#### Exercise
Where a record contains an image, leave the image out and print the rest exactly.

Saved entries
----

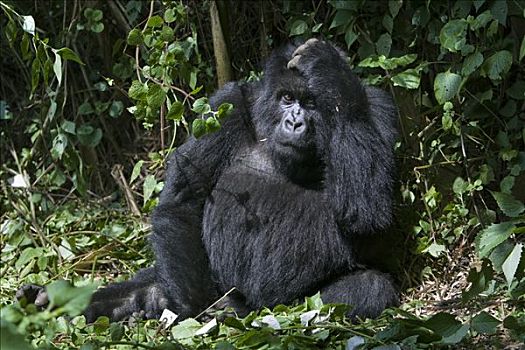 山地大猩猩,大猩猩,女性,挠头,国家,卢旺达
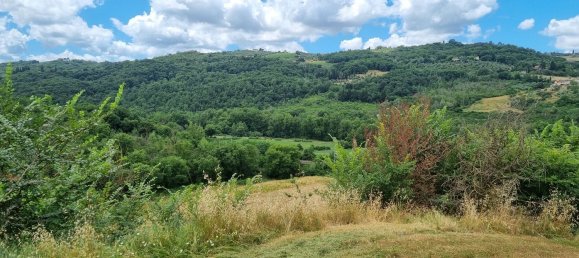 11غرفة منزل في Pelago, Italy رقم 219477 29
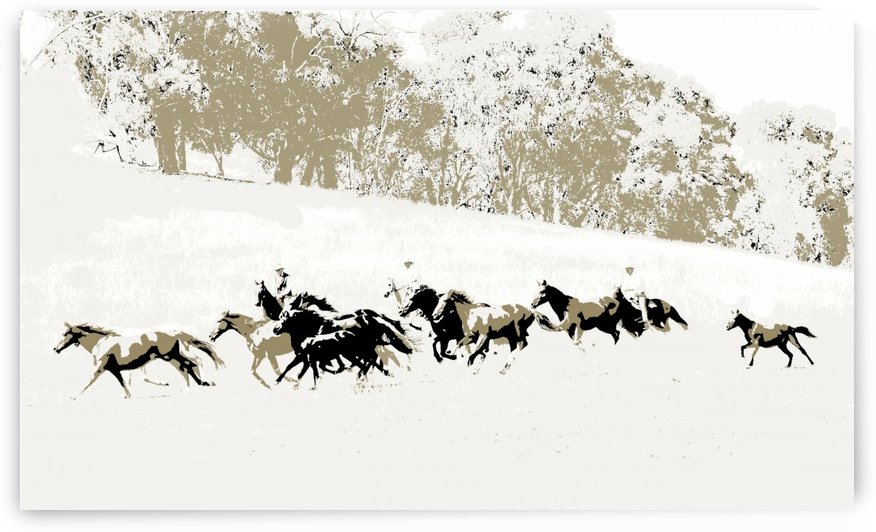 Chasing the Mob - High Country by Lexa Harpell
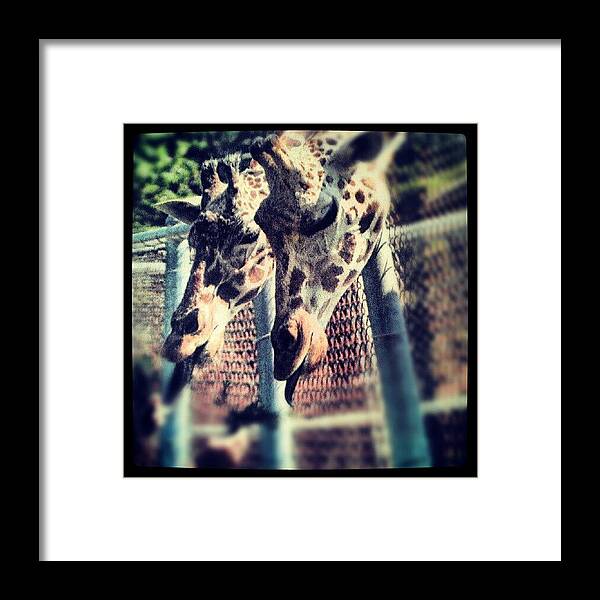 Wildlife Framed Print featuring the photograph #giraffes #zoo #animals #nature by Rich Toczynski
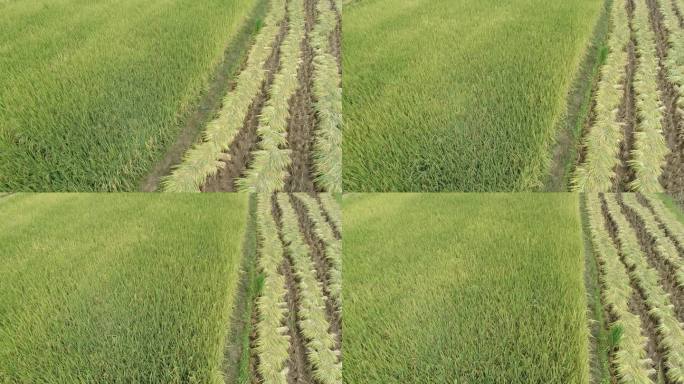 成熟的稻田航拍 稻田丰收 收割好的稻穗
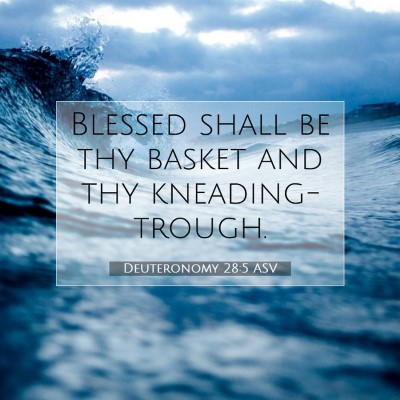 Picture 07 - Deuteronomy 28:5 ASV - Blessed shall be thy basket and thy - Bible Verse Picture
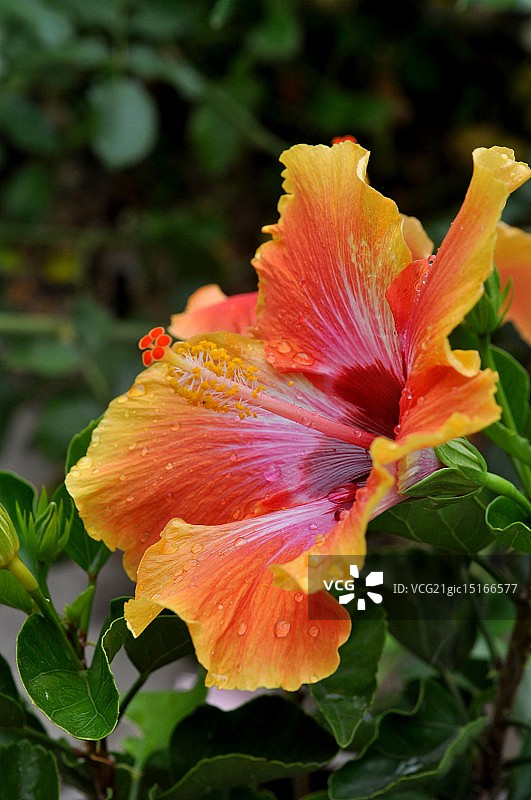 粉红葡萄柚图片素材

----

#### Problem solution
 山地大猩猩,大猩猩,女性,挠头,国家,卢旺达
 11غرفة منزل في Pelago, Italy رقم 219477 29
 Chasing the Mob - High Country by Lexa Harpell
 Wildlife Framed Print featuring the photograph #giraffes #zoo #animals #nature by Rich Toczynski
 成熟的稻田航拍 稻田丰收 收割好的稻穗
 Picture 07 - Deuteronomy 28:5 ASV - Blessed shall be thy basket and thy - Bible Verse Picture
 粉红葡萄柚图片素材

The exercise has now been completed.